Problem to solve: In the entries below, find the line with "Additionally, top-level port" and the line with "The primary trend". Repeat exactly everything between them, those two lines included, but not the pictures.

*** Data listing

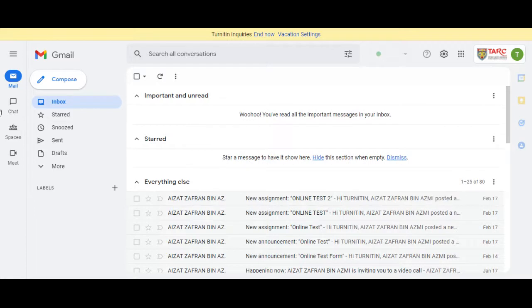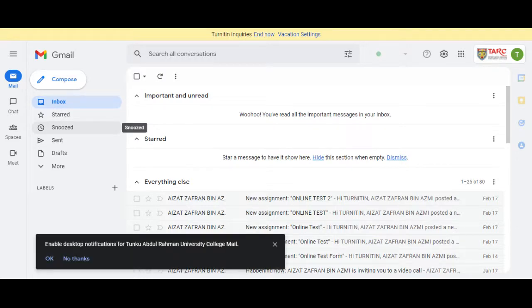As you can see, Chat and Meet has appeared here on the left-hand side. This is the end of the video.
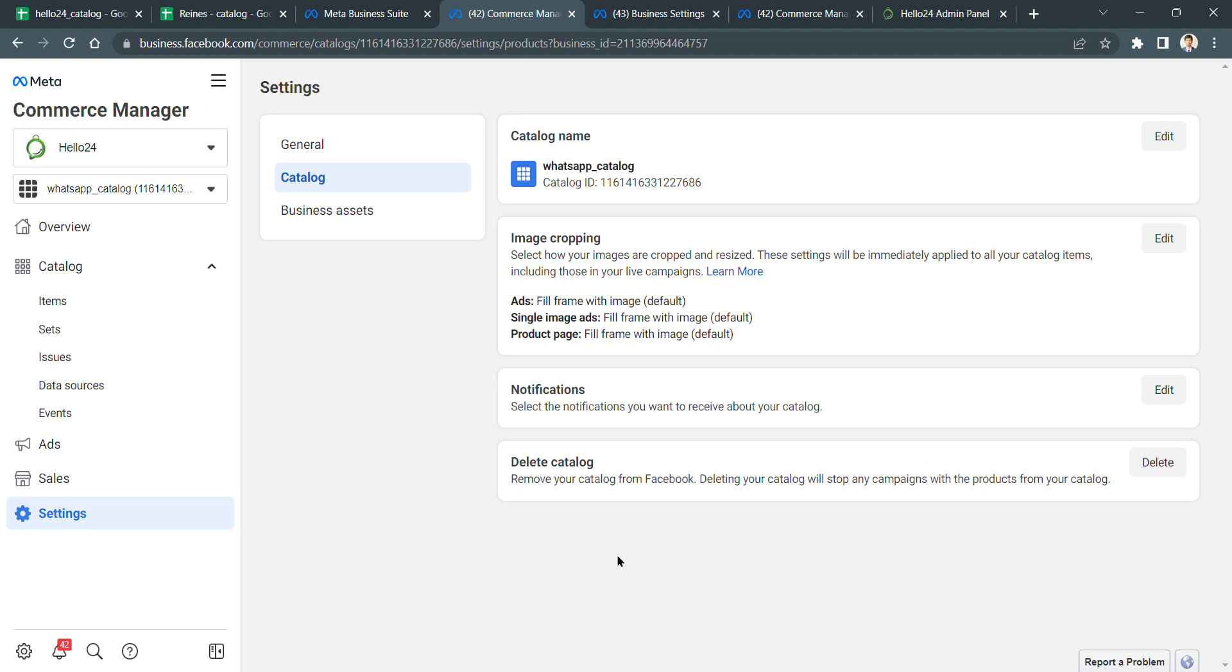In this video, we will see how to link your Creator WhatsApp catalog to your WhatsApp API number.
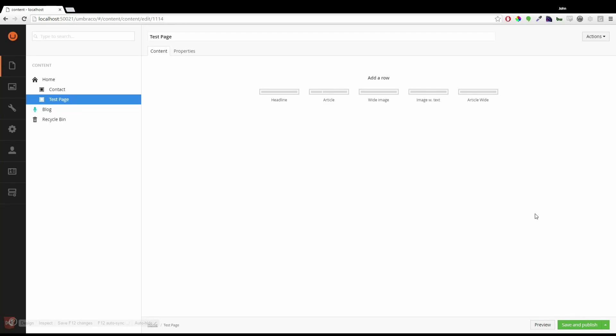This is the Umbraco 7 Grid Editor. It allows us to create advanced layouts easily. Here I have a new page. It's going to be an article.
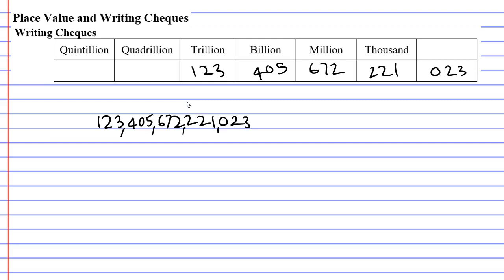If the number was even bigger, you would get into your quadrillions and your quintillions, but you don't normally get that big. In fact, we don't normally get numbers in the trillions to be honest. Now if I was to read this out, all you need to do is know how to read out three digit numbers.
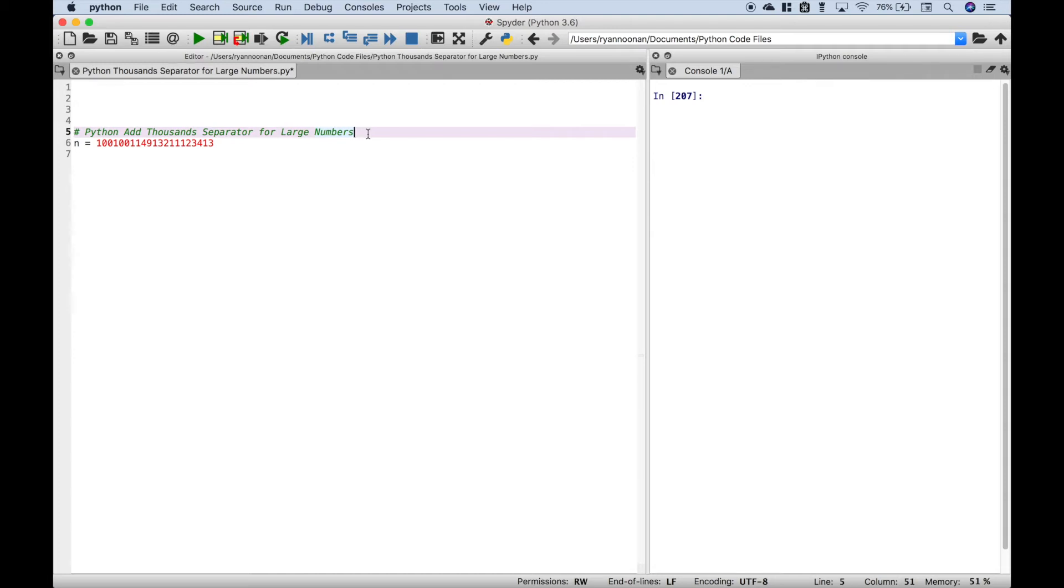Hello everybody. In this Python tutorial, we're going to go over how you can add thousands separators to large numbers to help you recognize what the actual number is and make it easier to read.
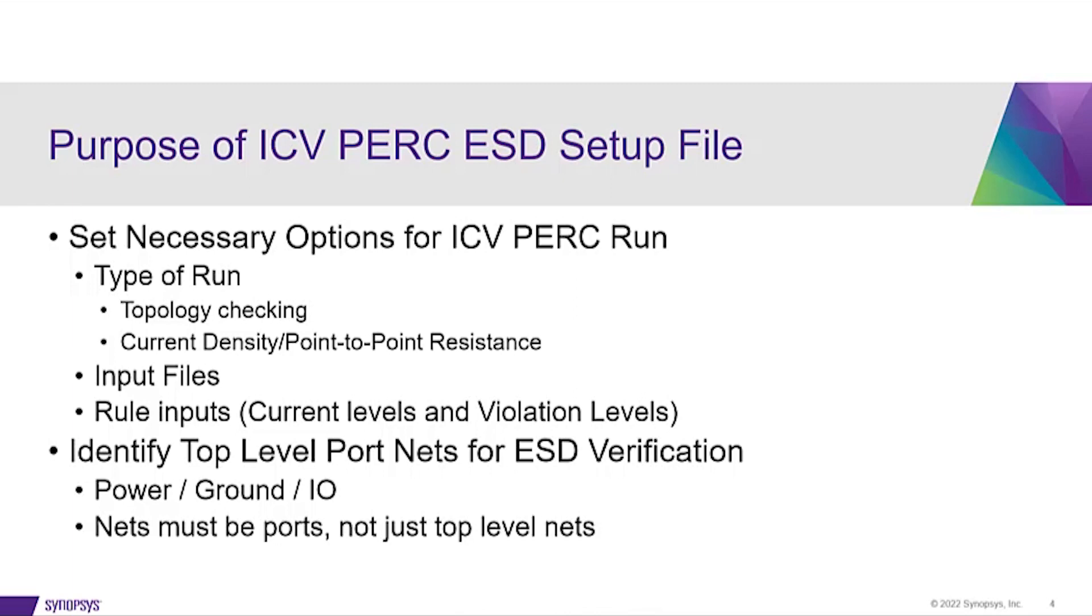Additionally, top-level port nets must be specified for ESD verification, both topology and current density point-to-point resistance type checks: powers, grounds, and IO ports, not just top-level nets, must be identified in this file.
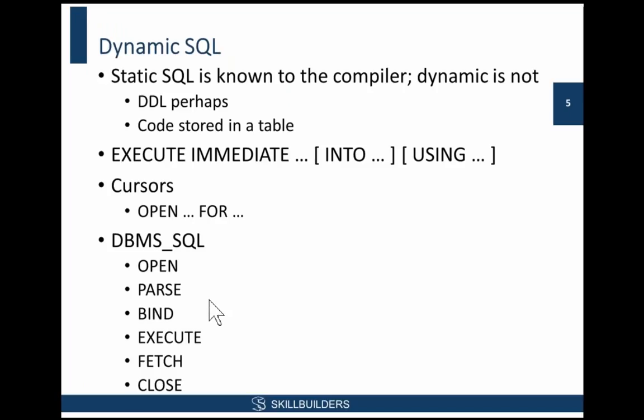A bit more theory here. Most SQL injections will involve dynamic SQL. What we're going to do is persuade the database to run code that the developer never intended it to run. That means we're going to run code that is not compiled into your PL/SQL program units.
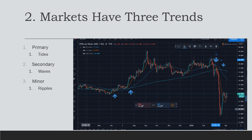The primary trend is the overall tide, the secondary trend is the waves that make up the tide, and the minor trend is the ripples between the waves. Think of it this way: as the tide comes in, the water comes up on the beach and flows out with waves crashing up and down, but each progressive wave gets a little further up the beach. There may be ripples in between that go a little lower or higher, but the overall tide is coming in.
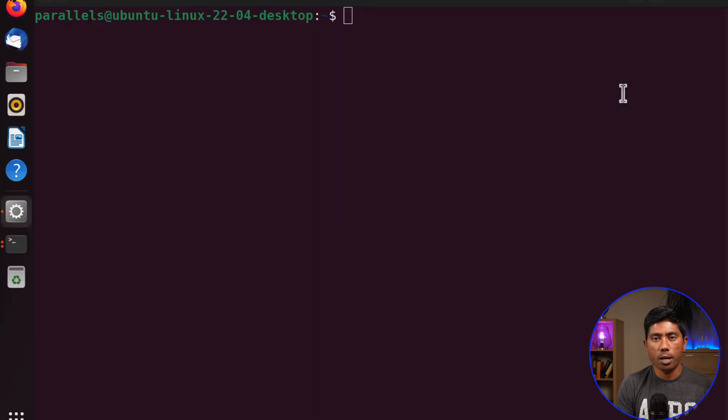Hi guys, my name is Karthik and I am from AzureAutomation.com. Today in the second video of our getting started with shell scripting video series, we are going to talk about the basic file navigation commands that we need to understand before we start working with the Linux operating system. We're going to see how we can start working with basic file operations.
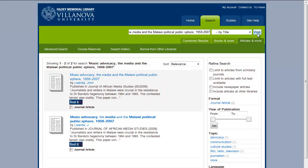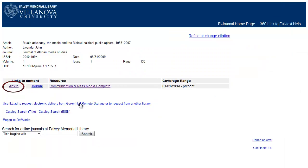Look for your article among the results. Click the Find It button to view the options for full text. Click any article link.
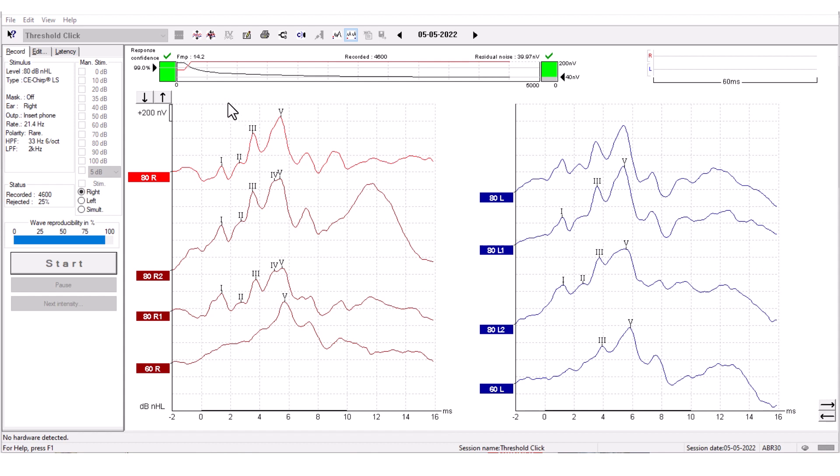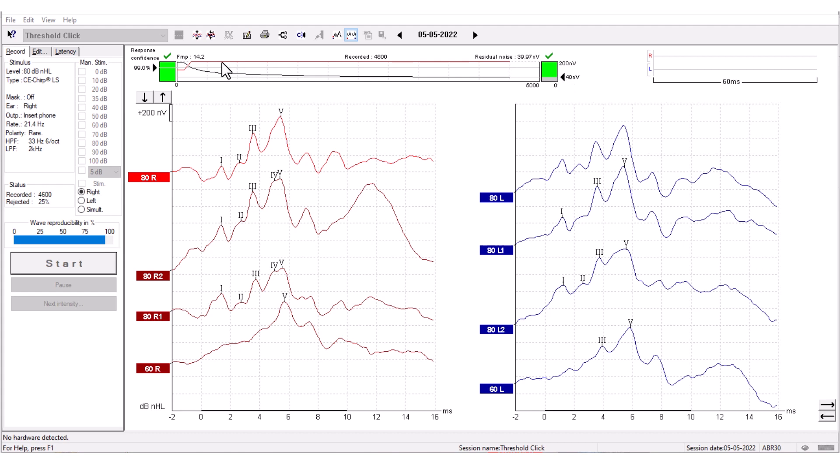The FMP and Residual Noise graph in the top of the screen acts as a quality measure for each waveform. A high quality waveform has a high FMP and a low residual noise. The bars will turn green when the FMP and Residual Noise reach their stop criteria. When this happens, you can be confident in the presence or absence of the response.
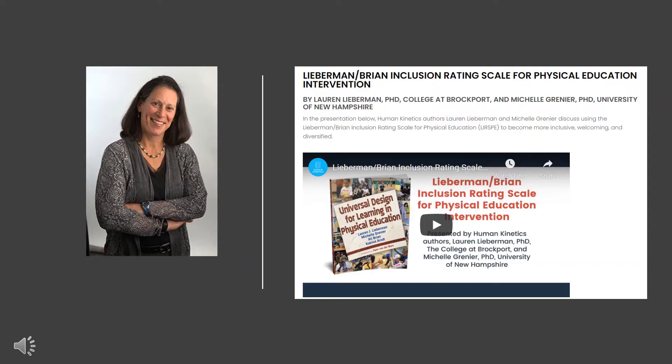In this video we will focus on the Lieberman-Brian Inclusion Rating Scale for Physical Education, developed by Dr. Lauren Lieberman. The purpose of the rating scale is to evaluate the effort made by teachers to include children with disabilities in general physical education environments. Specifically, the scale measures the actions taken by teachers to ensure students with disabilities are offered physical education opportunities alongside their peers.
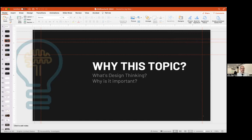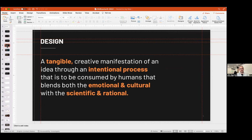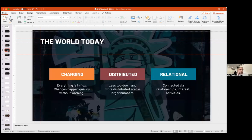Why is design thinking an important topic in the context of research? Design is the tangible creative manifestation of an idea through an intentional process, meant to be consumed by humans — blending the emotional and cultural with the scientific and rational. It sits at the intersection of standard research and making products that people actually want to use to solve a particular problem.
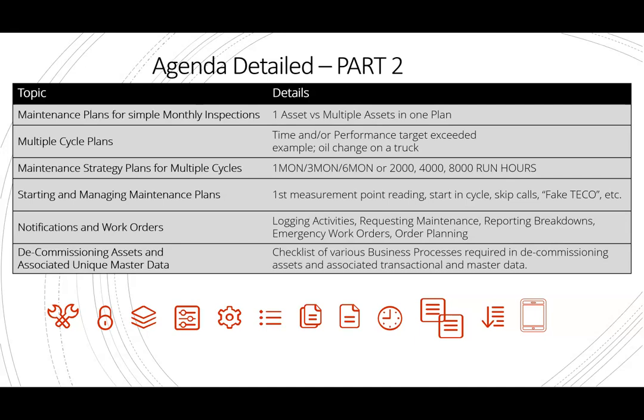You can start it in-cycle if you have older equipment and you're starting in a maintenance cycle that's not from the very beginning. We'll also cover how to manage the plans when things happen — if you have an opportunity to do things early or you were late, and how you want that plan cycle to be managed. We'll talk about notifications, orders, logging that information, and managing your backlog. Decommissioning assets is often neglected in companies where assets are no longer in operation yet still active in SAP — so that needs to be cleansed. Decommissioning checklists are very important to follow, covering the business process and all associated transactional master data in decommissioning.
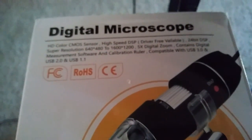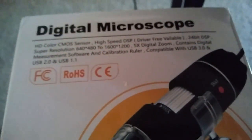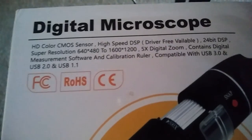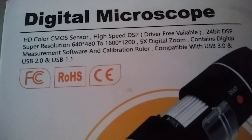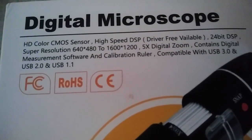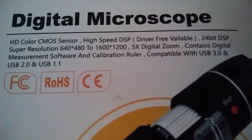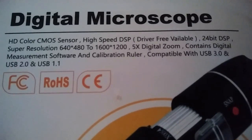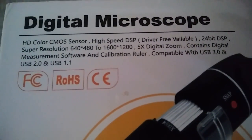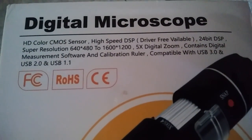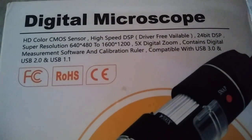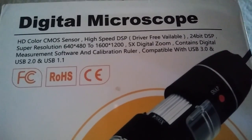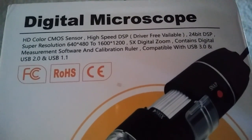Hi guys, I got this really nice digital microscope and it's HD color, high speed, 24-bit, super resolution, 5x digital zoom.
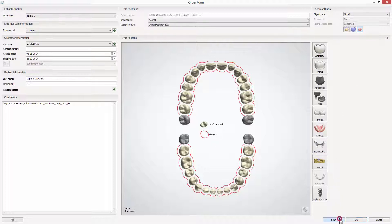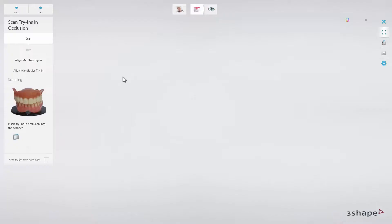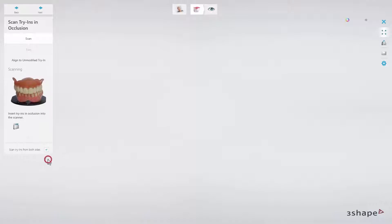Now press scan to get to 3Shape Dental, having scan try-ins in occlusion as the first step. Make sure that the scan try-ins from both sides option is chosen to enable the full scanning scenario. Otherwise the system will capture vestibular side modifications only.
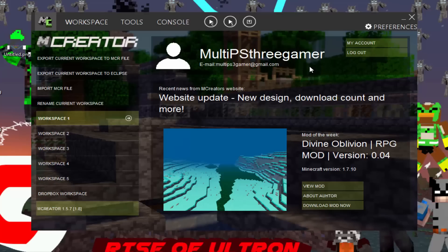Hey guys, what's up? MultiPS4Gamer here again, and welcome to a new series on my channel called MCreator Tutorials.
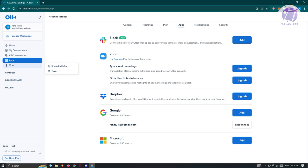At the bottom section of your screen, we have '0 of 300 monthly minutes used.' Since we're using the free plan for Otter AI, we only have 300 minutes a month. Once you reach that maximum, you will not be able to use the services of Otter AI.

******

Expected output:
Additionally, top-level port nets must be specified for ESD verification, both topology and current density point-to-point resistance type checks: powers, grounds, and IO ports, not just top-level nets, must be identified in this file.
A bit more theory here. Most SQL injections will involve dynamic SQL. What we're going to do is persuade the database to run code that the developer never intended it to run. That means we're going to run code that is not compiled into your PL/SQL program units.
The primary trend is the overall tide, the secondary trend is the waves that make up the tide, and the minor trend is the ripples between the waves. Think of it this way: as the tide comes in, the water comes up on the beach and flows out with waves crashing up and down, but each progressive wave gets a little further up the beach. There may be ripples in between that go a little lower or higher, but the overall tide is coming in.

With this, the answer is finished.